Review: It was bound to happen--an idiot's guide to the Middle East! As a theologian and teacher, and with Middle Eastern tensions flaring, I decided to check this one out, and see if Bard had done his research. He had.

While there is an unbiased pro-Israeli slant to the book, there is more information than you could probably digest in a year.

Bard (rightly) traces the conflict back to Abraham, and follows the history factually and thoroughly. He discusses the Koran, the Bible, Mohammed, Arab oil, Jewish nationalism (1948), as well as Zionistic and Palestinian conflicts up to (nearly) current times. Virtually every cogent subject dealing with the conflict is discussed in a (reasonably) easy-to-read format.

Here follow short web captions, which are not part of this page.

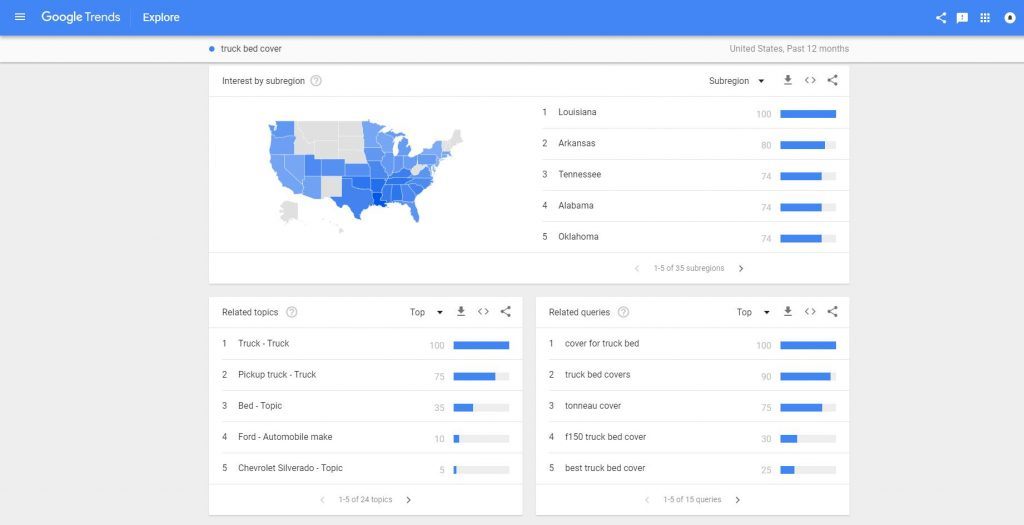 Google Trends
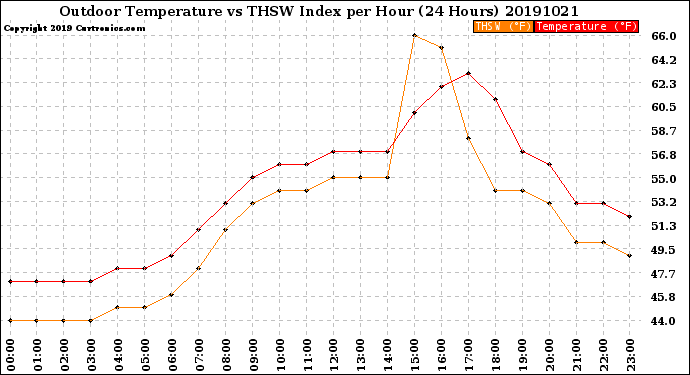 Milwaukee Weather Outdoor Temperature<br>vs THSW Index<br>per Hour<br>(24 Hours)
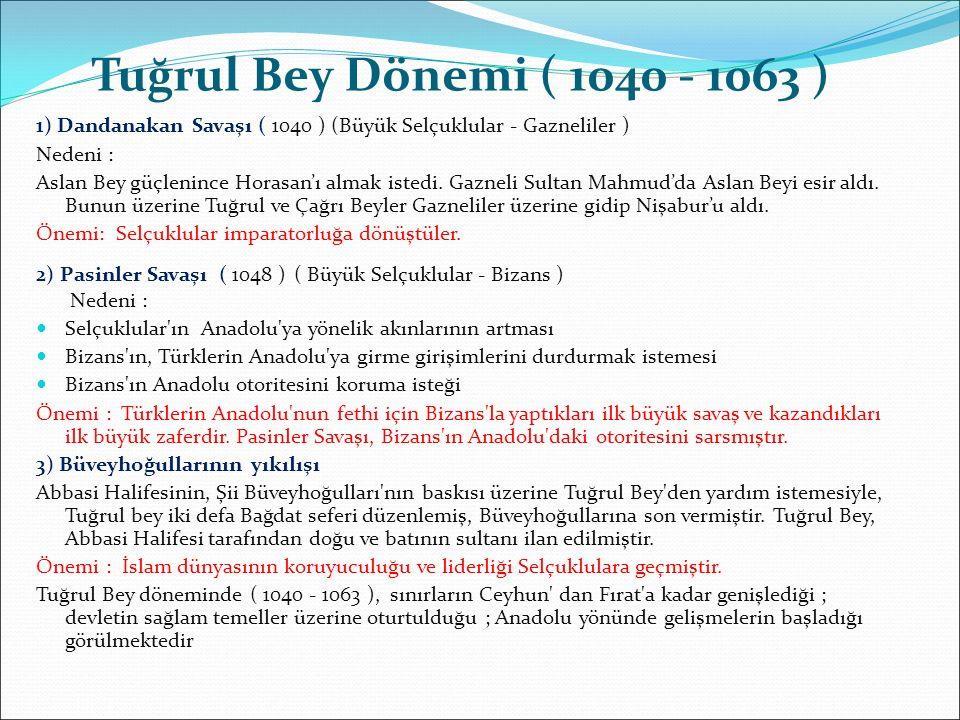 Büveyhoğulları na son verdi.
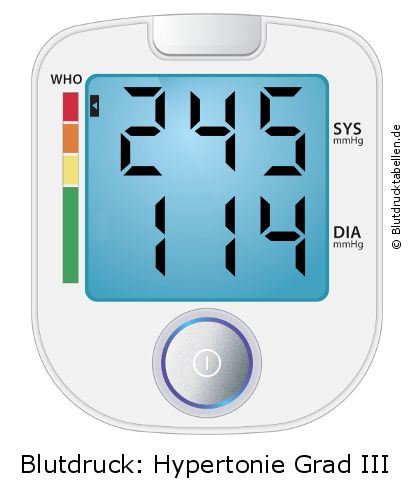 Blutdruck 245 zu 114 auf dem Blutdruckmessgerät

I learned much from this book, and despite the rhetoric against it in some of these reviews due to its Jewish bias, the work is well worth the reading if you REALLY want to know all the material packed within its pages...and there's an awful lot there.

Rating: 1 stars
Summary: Very disappointing..
Review: I read this book to get some facts about the situation over there in order for me to make my own decision with respect to who is at fault for this conflict. Unfortunately, I got a very pro-Israeli account of the events that occurred and a feeling that the authors thought the Palestinians were sub-human. I am very disappointed in the "Idiot's Guide" publishers for saying that this book is an unbiased account of the Middle East conflict.

Rating: 3 stars
Summary: Caveat emptor
Review: I bought this book because I thought it might be a good candidate as a text for a college course I'm teaching next fall. What I was looking for was a straightforward account of the Israeli-Palestinian conflict that laid the bare essentials on the table so that novices could get a good overview.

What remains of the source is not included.